2. The method of claim 1, wherein the method further comprises
initiating playback of the piece of audio content by one or more
speakers of the network-connected speaker system from an Internet
music library;
3. The method of claim 2, wherein the method further comprises
establishing a connection between the network-connected speaker
system and a mobile device.
4. The method of claim 3, wherein initiating playback of the piece
of audio content is performed in response to a signal received from
the mobile device.
5. The method of claim 1, wherein identifying the at least one
characteristic of the environment of the network-connected speaker
system and determining the one or more adjustments to be applied to
additional audio content before additional audio content playback
are performed, at least in part, using a service in communication
with the network-connected speaker system.
6. The method of claim 1, wherein identifying the at least one
characteristic of the environment of the network-connected speaker
system comprises: comparing a frequency response of the detected
playback of the at least a portion of the piece of audio content
with a reference frequency response; and identifying the at least
one characteristic of the environment of the network-connected
speaker system based, at least in part, on the comparison.
7. The method of claim 6, wherein the reference frequency response
is associated with the at least a portion of the piece of audio
content.
8. The method of claim 6, wherein comparing the frequency response
of the detected playback of the at least a portion of the piece of
audio content with the reference frequency response comprises
aligning the frequency response of the detected playback of the at
least a portion of the piece of audio content with the reference
frequency response.
9. The method of claim 8, wherein the piece of audio content
comprises one or more patterns.
10. The method of claim 9, wherein the one or more patterns
comprise synchronization patterns.
11. The method of claim 9, wherein aligning the frequency response
of the detected playback of the at least a portion of the piece of
audio content with the reference frequency response is based, at
least in part, on the one or more patterns.
12. The method of claim 1, wherein the method further comprises
accessing the transfer function of the microphone from local
storage of the network-connected speaker system.
13. The method of claim 1, wherein the method further comprises
accessing the transfer function of the microphone from a remote
library.
14. The method of claim 1, wherein identifying the at least one
characteristic of the environment of the network-connected speaker
system comprises comparing the detected playback of the at least a
portion of the piece of audio content with one or more reference
frequency responses associated with one or more reference
environments.
15. The method of claim 1, wherein identifying the at least one
characteristic of the environment of the network-connected speaker
system comprises identifying that the environment of the
network-connected speaker system is an outdoor environment.

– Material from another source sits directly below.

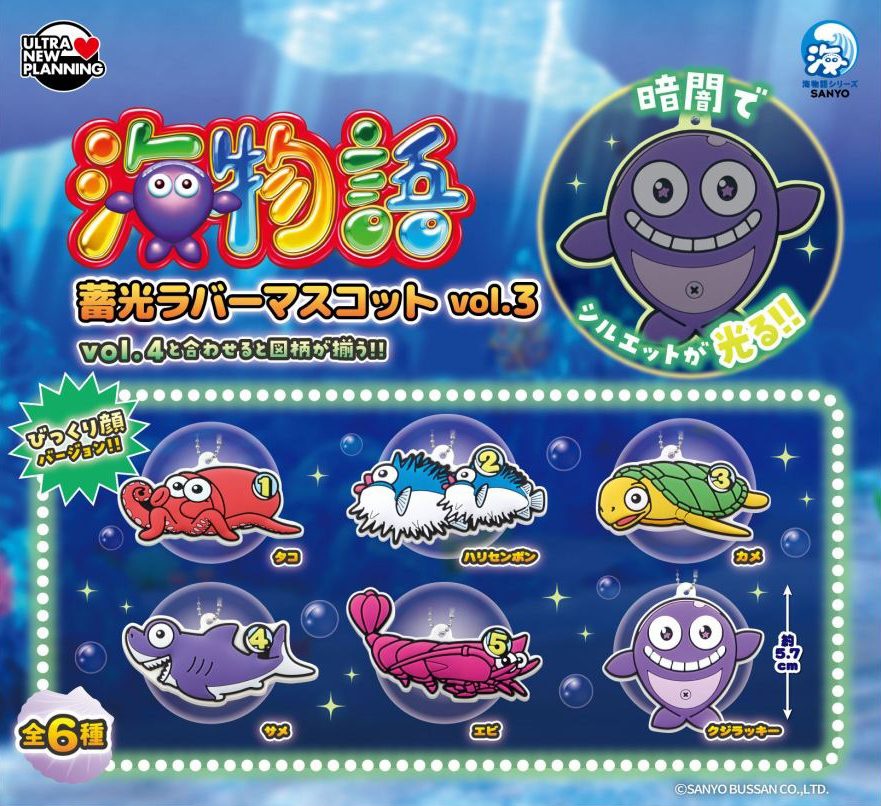 400円カプセル 海物語 蓄光ラバーマスコット Vol.3 (Umi Monogatari Luminescent Rubber Mascot Vol. 3)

16. The method of claim 1, wherein identifying the at least one
characteristic of the environment of the network-connected speaker
system comprises identifying that the environment of the
network-connected speaker system is an indoor environment.
17. The method of claim 16, wherein the at least one characteristic
of the environment of the network-connected speaker system is a
characteristic of a room environment.
18. The method of claim 1, wherein identifying the at least one
characteristic of the environment of the network-connected speaker
system further comprises performing spectral analysis on the
detected playback of the at least a portion of the piece of audio
content.
Description
CROSS REFERENCE TO RELATED APPLICATIONS
[0001] This application is a Continuation of U.S. application Ser.
No. 17/066,804, filed Oct. 9, 2020, which is a Continuation of U.S.
application Ser. No. 16/272,421, filed Feb. 11, 2019, now U.S. Pat.
No. 10,827,294, which is a Continuation of U.S. application Ser.
No. 15/861,143, filed Jan. 3, 2018, now U.S. Pat. No. 10,244,340,
which is a Continuation of U.S. application Ser. No. 15/250,870,
filed Aug. 29, 2016, now U.S. Pat. No. 9,883,315, which is a
Continuation of U.S. application Ser. No. 13/773,483, filed Feb.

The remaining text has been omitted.